### Data to examine
******

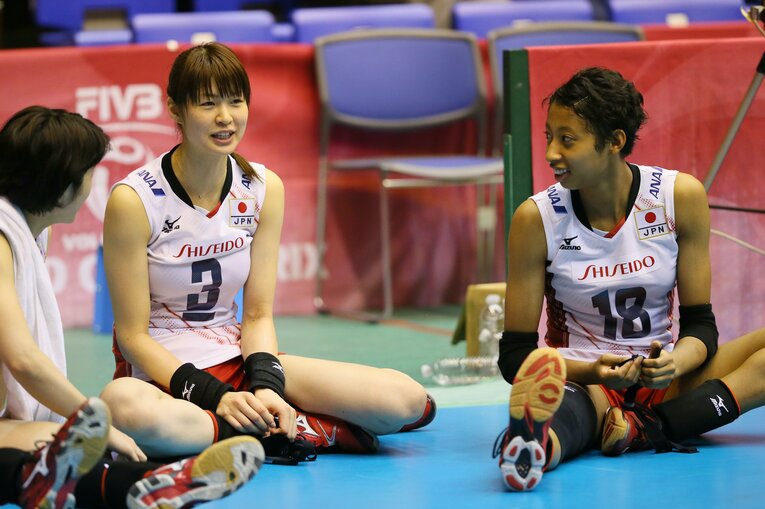 木村沙織と言葉をかわす宮部藍梨（当時16歳）　©︎AFLO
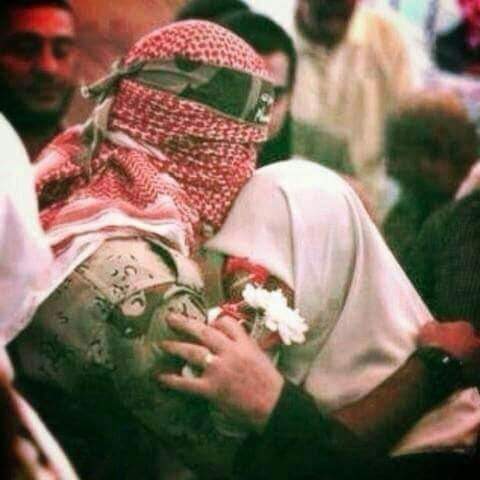 fadyaymn24's tweet image. #اسعد_الناس_من حمل سلاحه و قبل رأس أمه و قال اتوصينى بشئ؟
قالت #زلزلهم
قمة السعادة في نيل #الشهادة.💚

#اللهم_ثبتناا🤲🤲💚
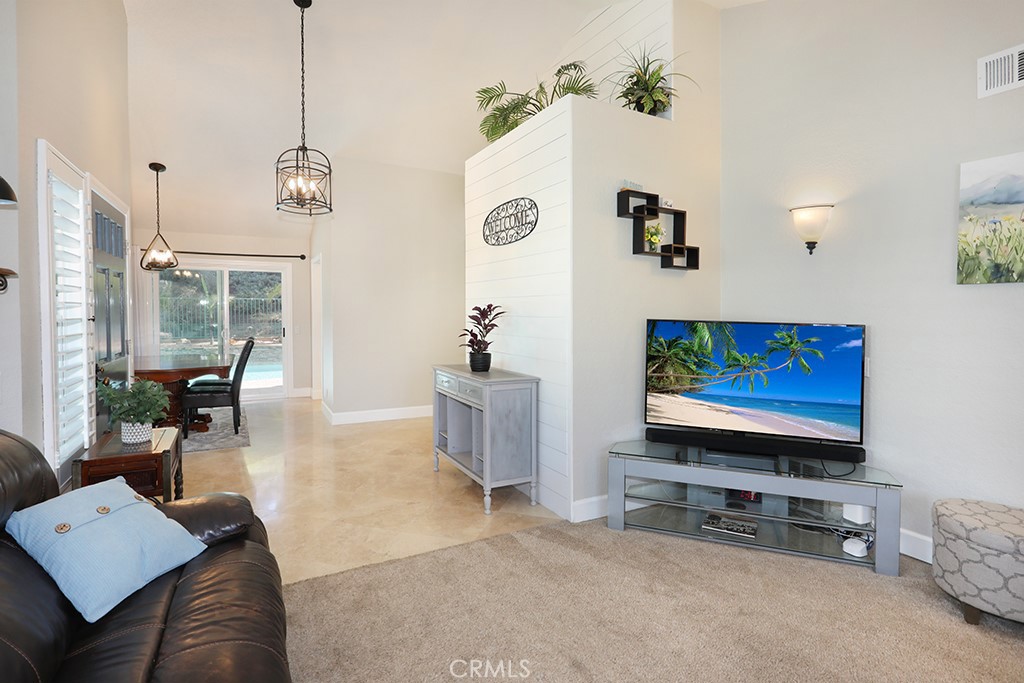 MLS #OC25239630 image #6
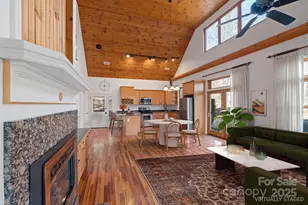 905 Old Fiddle Rd, Waynesville, NC 28786 - Photo 9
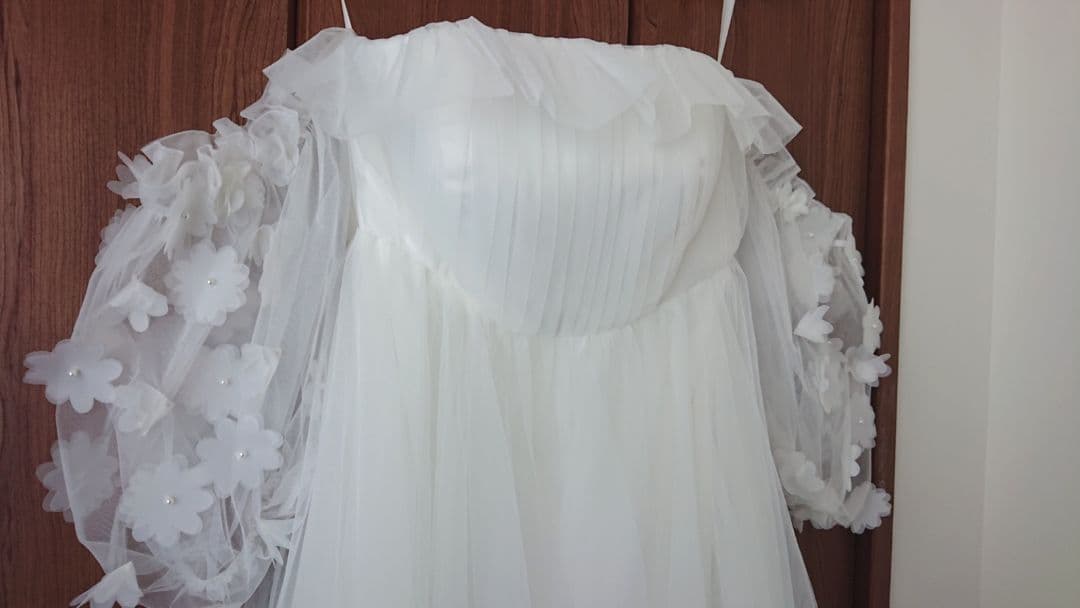 フラワー袖ウェディングドレス エンパイア（マタニティ対応）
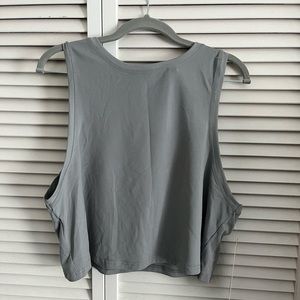Yogalicious gray tank top size XL NWT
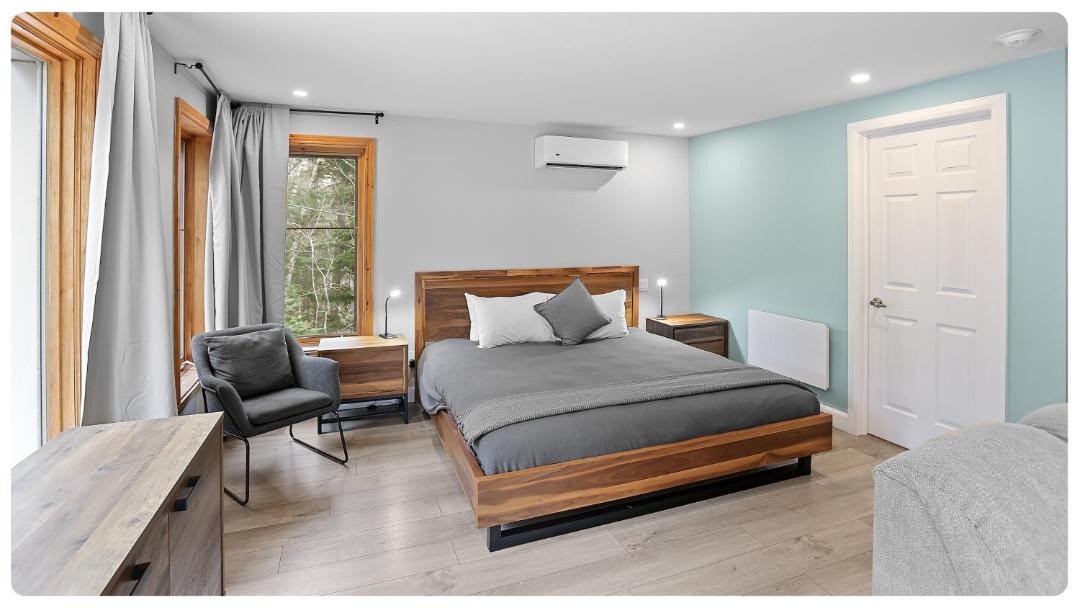 Photo of Bedroom in Val Morin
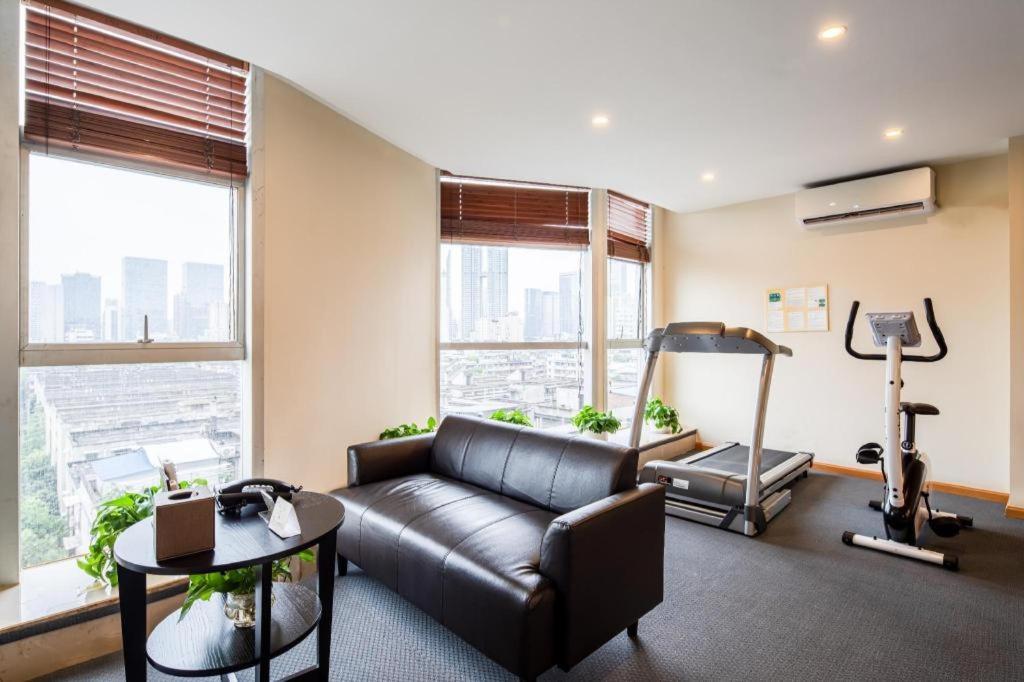 Chengdu Rising Butterfly Hotel Bagian luar foto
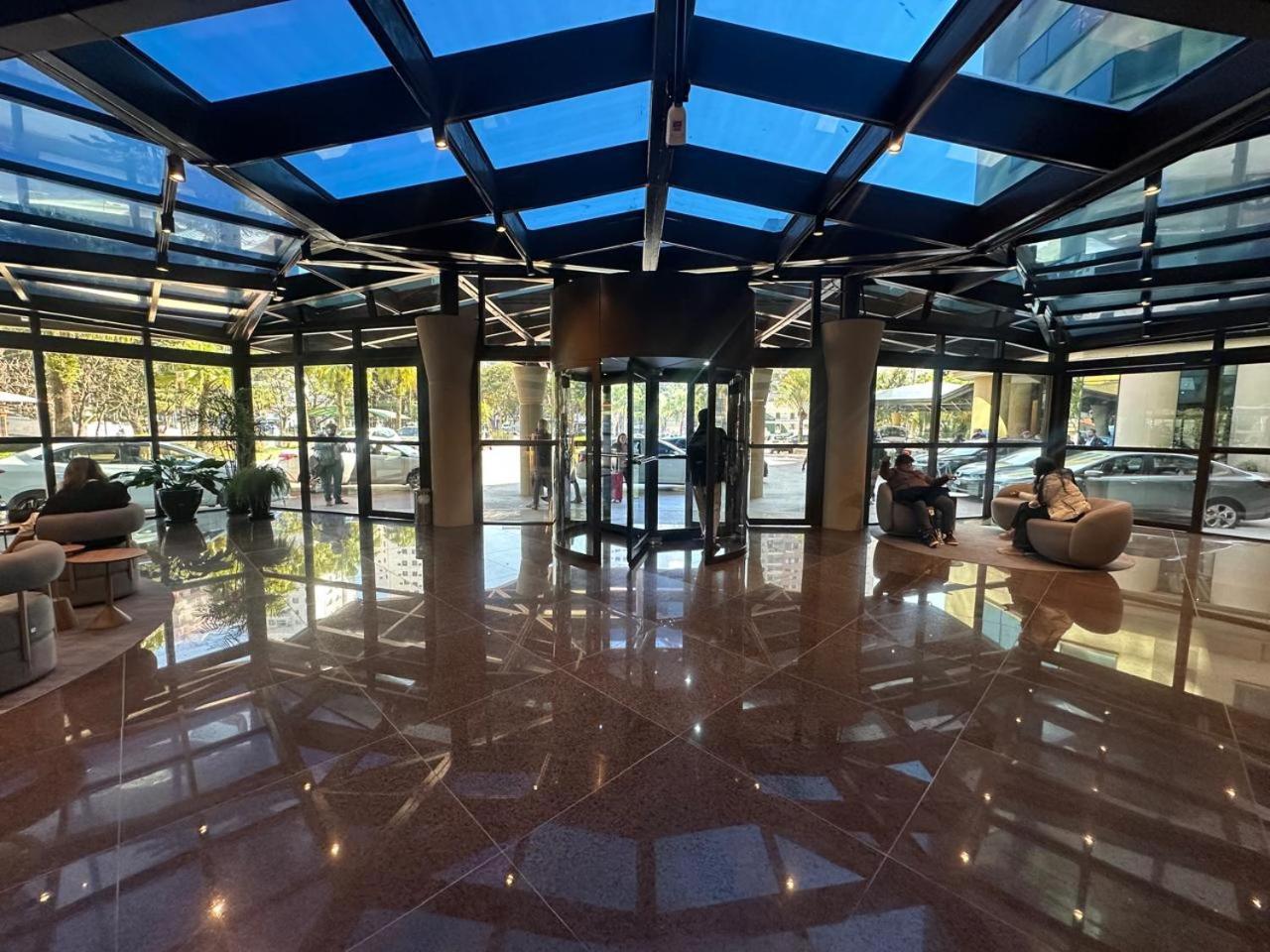 Flat 422 - Avenida Ibirapuera, Moema -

******

### Work to complete
Restate the data above word for word. Do not include the images.

### Exercise answer
 木村沙織と言葉をかわす宮部藍梨（当時16歳）　©︎AFLO
 fadyaymn24's tweet image. #اسعد_الناس_من حمل سلاحه و قبل رأس أمه و قال اتوصينى بشئ؟
قالت #زلزلهم
قمة السعادة في نيل #الشهادة.💚

#اللهم_ثبتناا🤲🤲💚
 MLS #OC25239630 image #6
 905 Old Fiddle Rd, Waynesville, NC 28786 - Photo 9
 フラワー袖ウェディングドレス エンパイア（マタニティ対応）
Yogalicious gray tank top size XL NWT
 Photo of Bedroom in Val Morin
 Chengdu Rising Butterfly Hotel Bagian luar foto
 Flat 422 - Avenida Ibirapuera, Moema -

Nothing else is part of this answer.